> Problem to work on
For this exercise, restate word for word only the lines from the one containing "Two Royal Doulton" through the last line below. Pictures do not get copied.

[Records contained in a dataset]
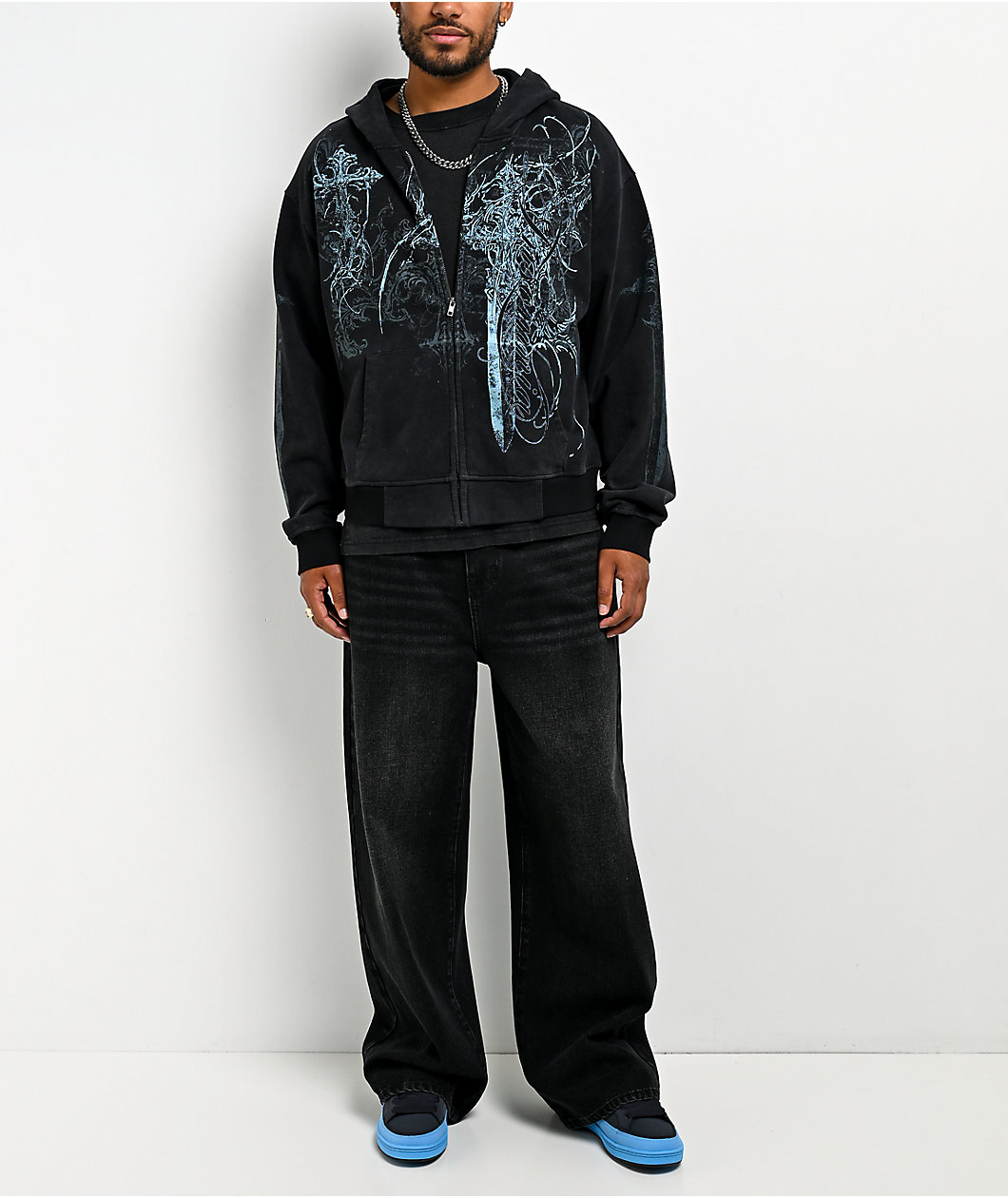 Insomnia Visuals Blade Black Wash Zip Hoodie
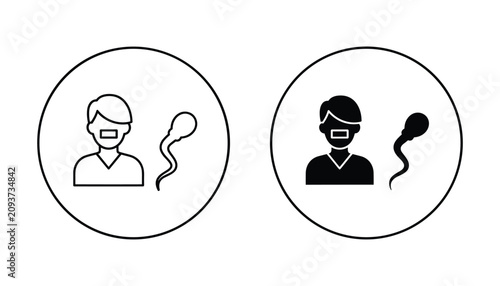 Fotografía Medical sperm cell and male profile icon set for fertility and reproductive heal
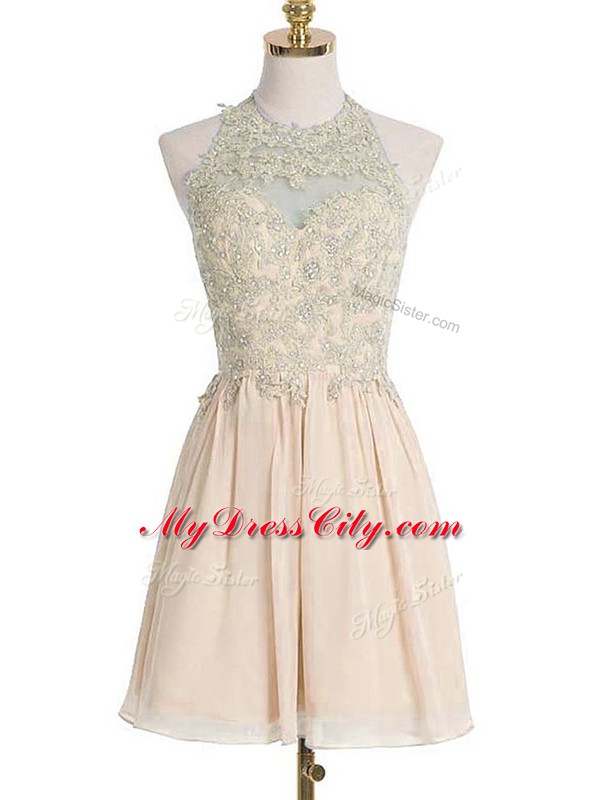 Beautiful Knee Length Champagne Bridesmaid Gown Halter Top Sleeveless Lace Up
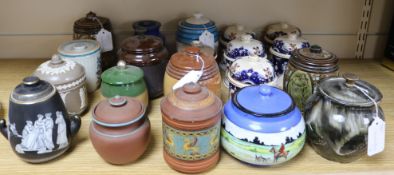 Two Royal Doulton 'Monk' tobacco jars and 18 other small tobacco jars, various (20)
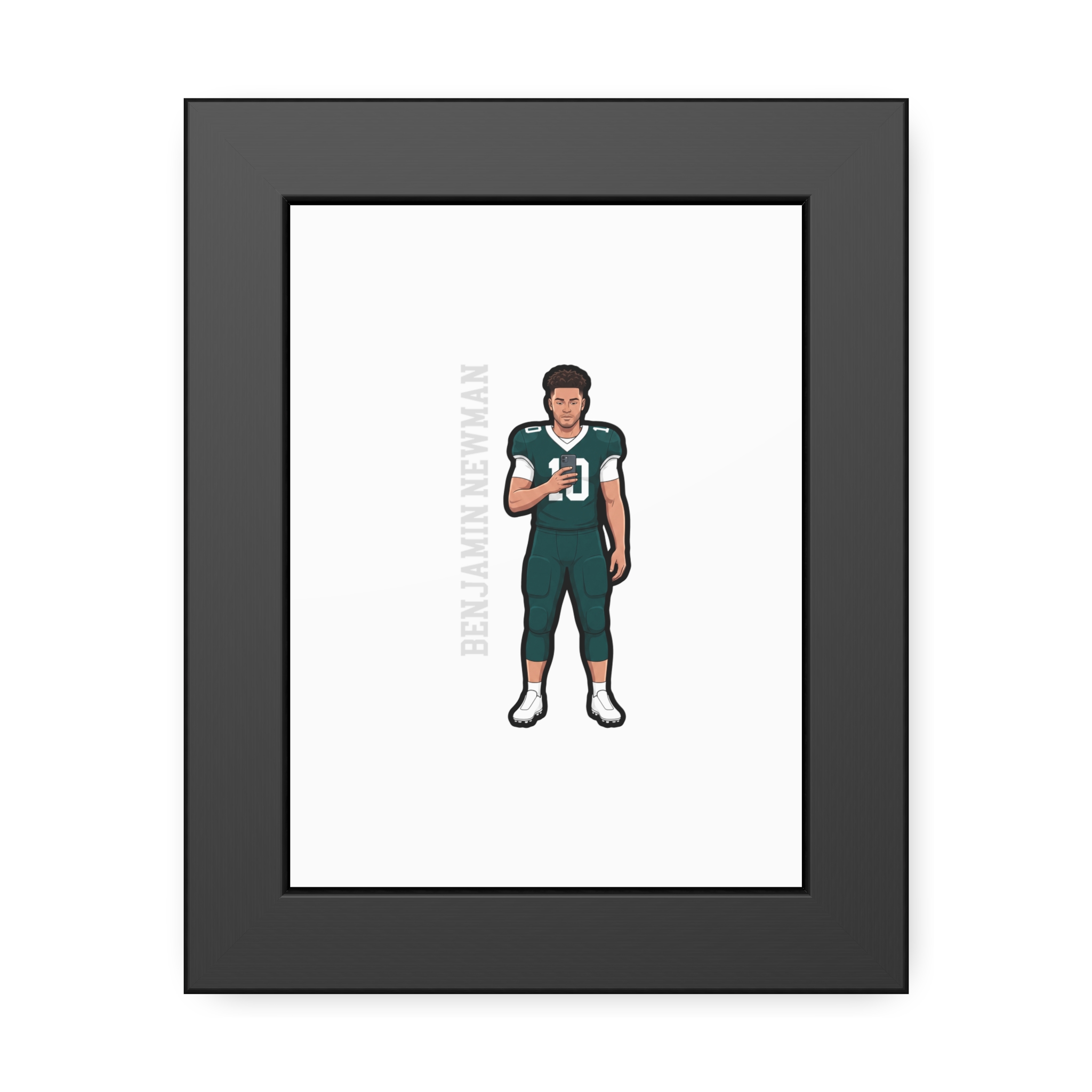 Framed Poster — character_name_vertical in Black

> Answer to this exercise
 Two Royal Doulton 'Monk' tobacco jars and 18 other small tobacco jars, various (20)
 Framed Poster — character_name_vertical in Black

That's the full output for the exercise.